▶ [What the task asks] Would you repeat exactly the part of the listing below that runs from the line containing "NEUWERTH Logistics SA" down to the line containing "Pro-Line Racing - 1/16", inclusive, and nothing else?

▶ [Data for the task]
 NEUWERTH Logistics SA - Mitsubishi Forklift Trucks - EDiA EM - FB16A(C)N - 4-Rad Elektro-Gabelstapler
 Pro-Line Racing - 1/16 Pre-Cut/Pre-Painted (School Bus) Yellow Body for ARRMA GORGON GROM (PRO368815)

---

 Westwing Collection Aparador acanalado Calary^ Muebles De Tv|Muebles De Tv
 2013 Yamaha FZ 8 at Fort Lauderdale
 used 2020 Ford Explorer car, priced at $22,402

▶ [Problem solution]
 NEUWERTH Logistics SA - Mitsubishi Forklift Trucks - EDiA EM - FB16A(C)N - 4-Rad Elektro-Gabelstapler
 Pro-Line Racing - 1/16 Pre-Cut/Pre-Painted (School Bus) Yellow Body for ARRMA GORGON GROM (PRO368815)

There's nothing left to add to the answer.